■ Work task: The records are to be copied from the line that contains "Zoha Glas Riffle" through their last line, word for word, with every picture left out.

Captioned web image data
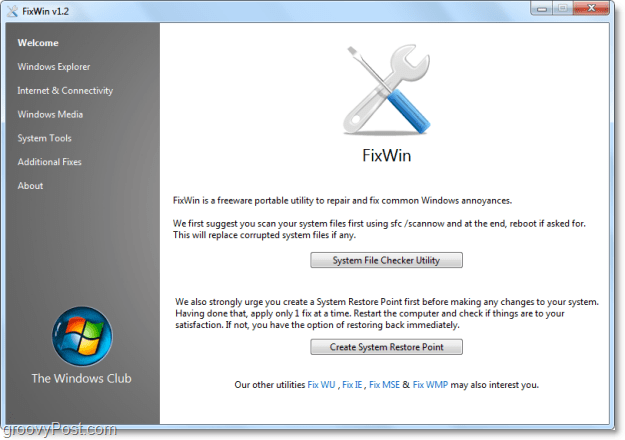 إصلاح 50 مشكلة شائعة في Windows 7 مع FixWin [groovyReview]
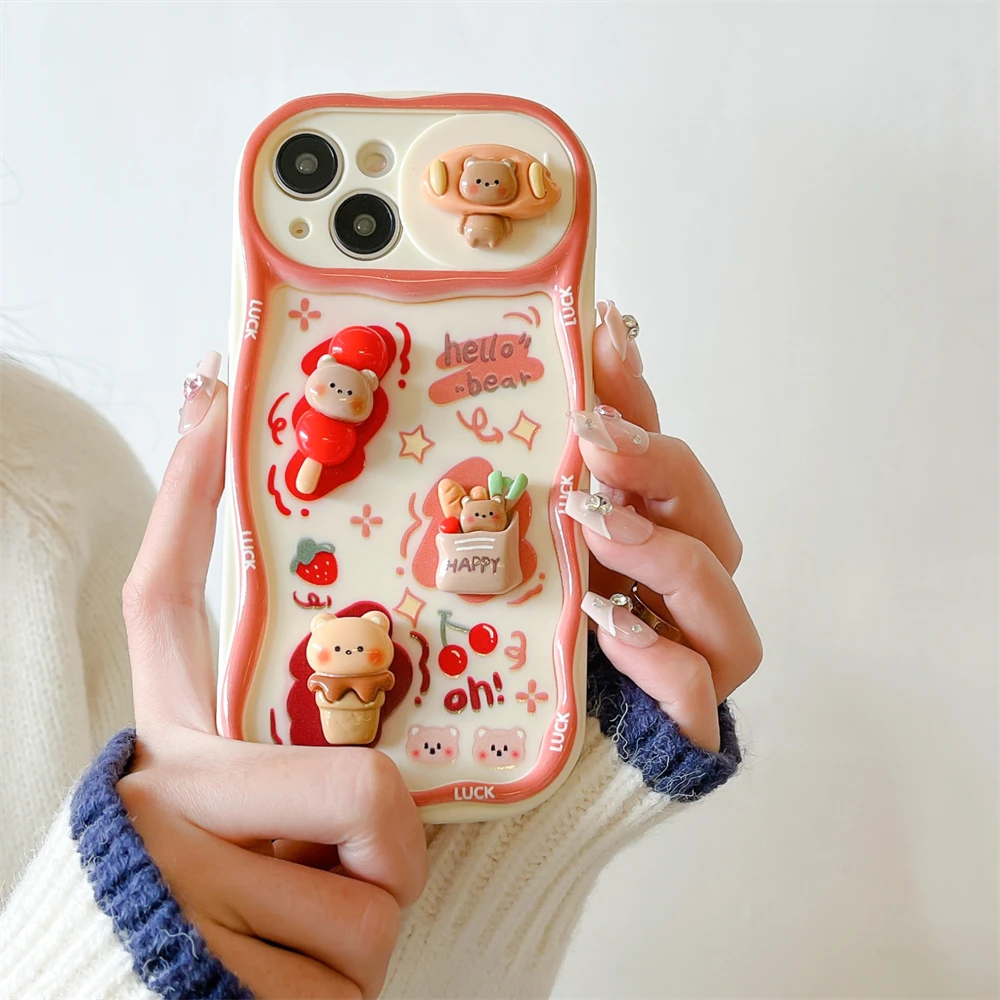 Korean Cute 3D Bear Pig Push-Pull Case for iPhone 15 13 14 Pro Max 14 15 Plus 11 Lovely Lens Protection Shockproof Wavy Cover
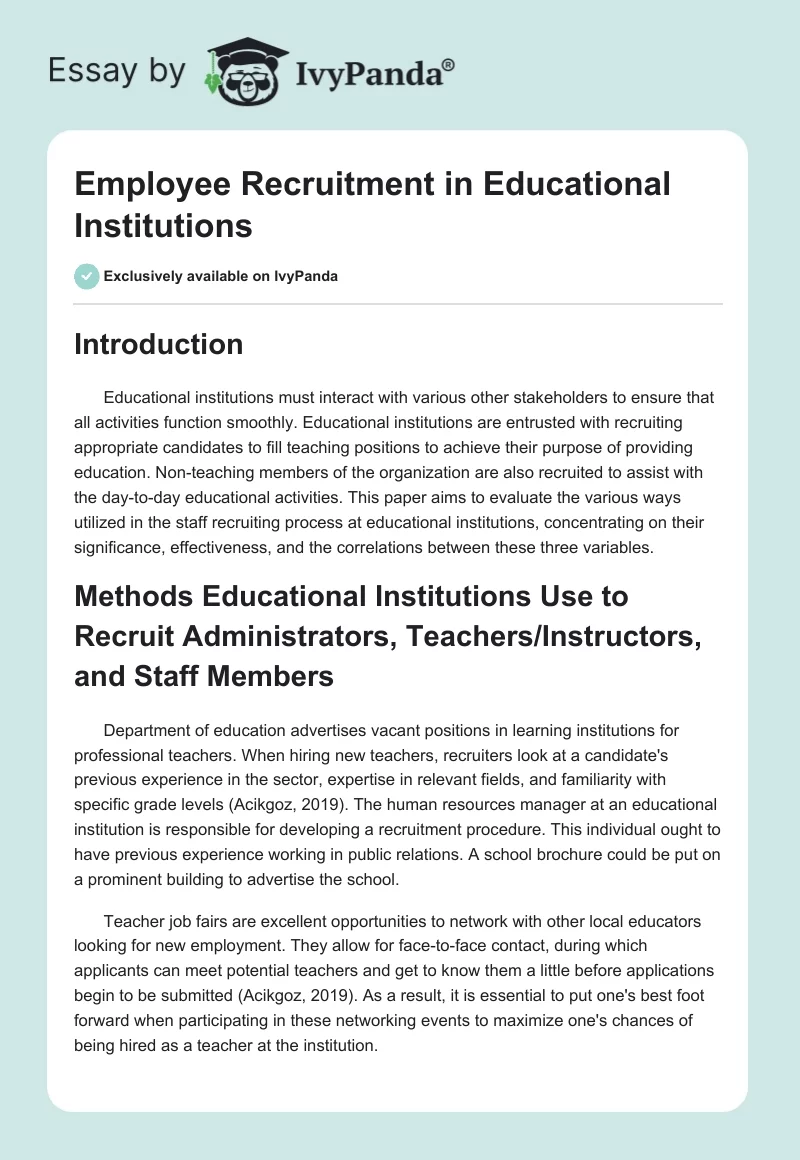 Employee Recruitment in Educational Institutions. Page 1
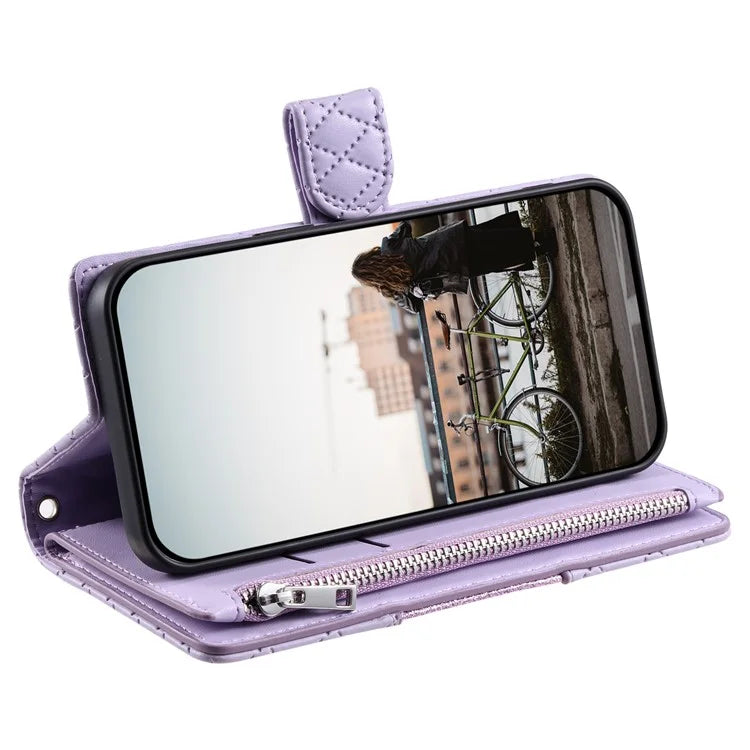 Style 013 for Motorola Moto E14 4G / G04 4G / G04s 4G / G24 4G Case Rhombus Leather Zipper Phone Cover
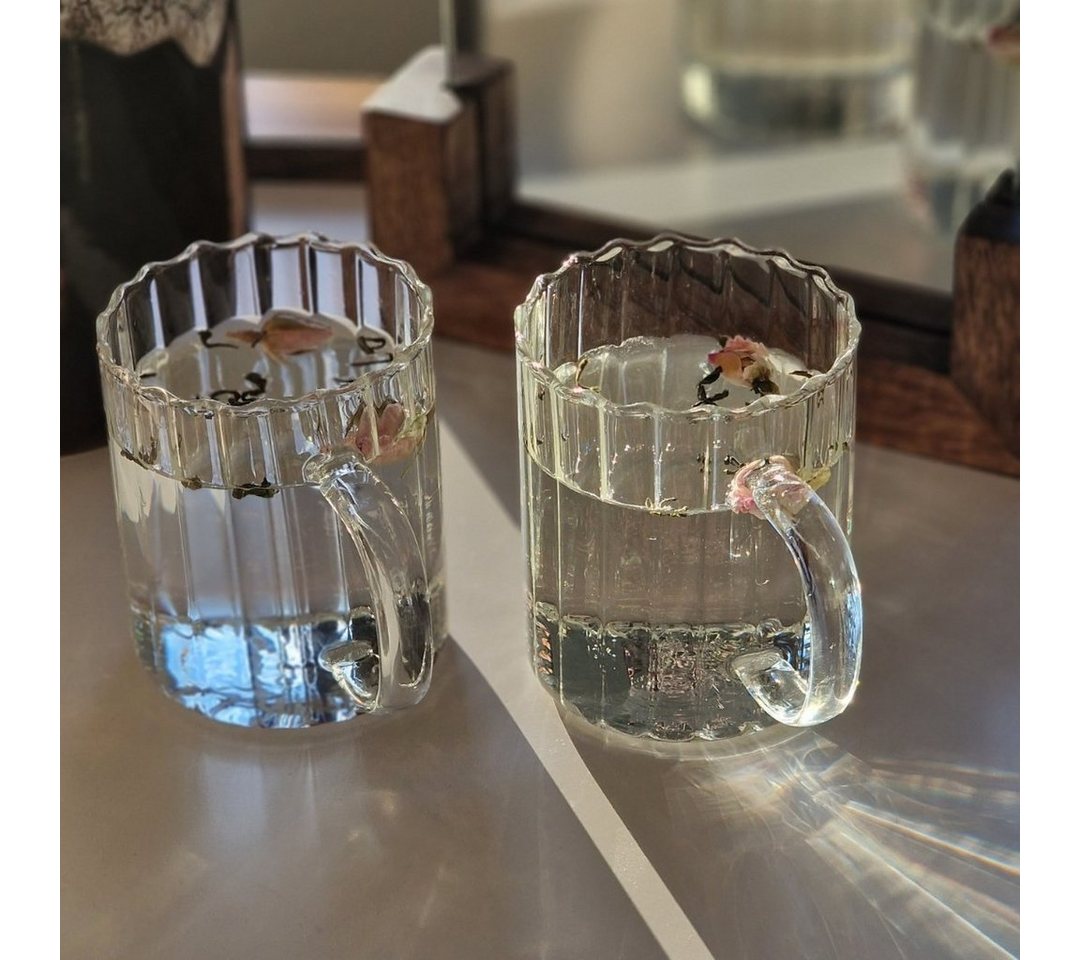 Zoha Glas Riffle Cup Kaffeeglas Teeglas Heißgetränke - 350 ml, Borosilikatglas, Hitzebeständig Trinkglas Cocktailgläser Eiskaffeegläser Tee Saft von Zoha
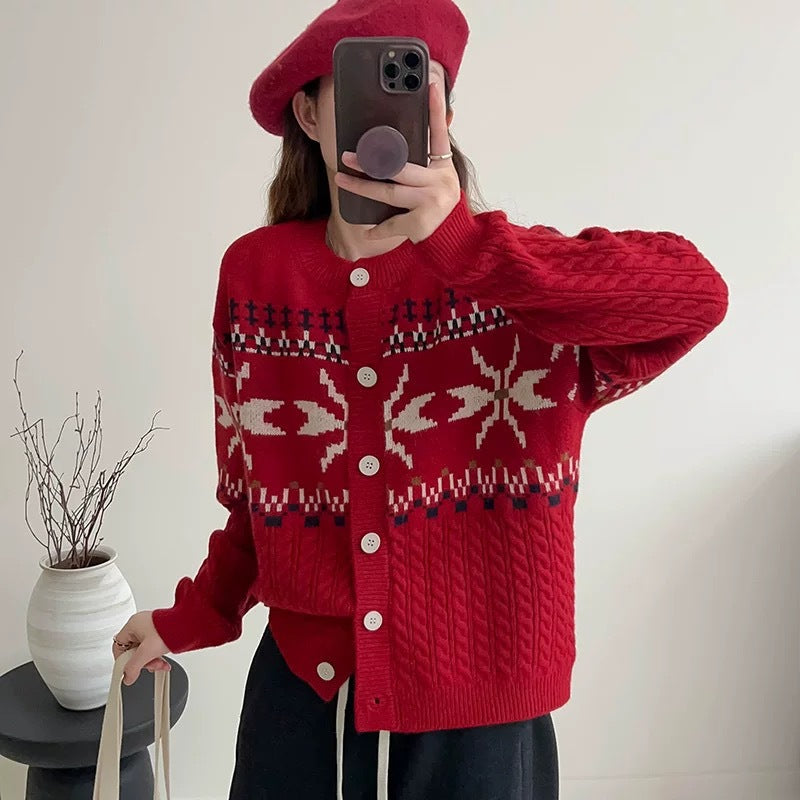 Damen Grobstrick-Cardigan mit dekorativem Zopfmuster und Knopfdetails R&B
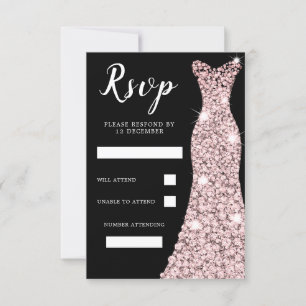 Cartons Réponse Robe Blush or rose Anniversaire Fête Mariée Noir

■ Reply:
 Zoha Glas Riffle Cup Kaffeeglas Teeglas Heißgetränke - 350 ml, Borosilikatglas, Hitzebeständig Trinkglas Cocktailgläser Eiskaffeegläser Tee Saft von Zoha
 Damen Grobstrick-Cardigan mit dekorativem Zopfmuster und Knopfdetails R&B
 Cartons Réponse Robe Blush or rose Anniversaire Fête Mariée Noir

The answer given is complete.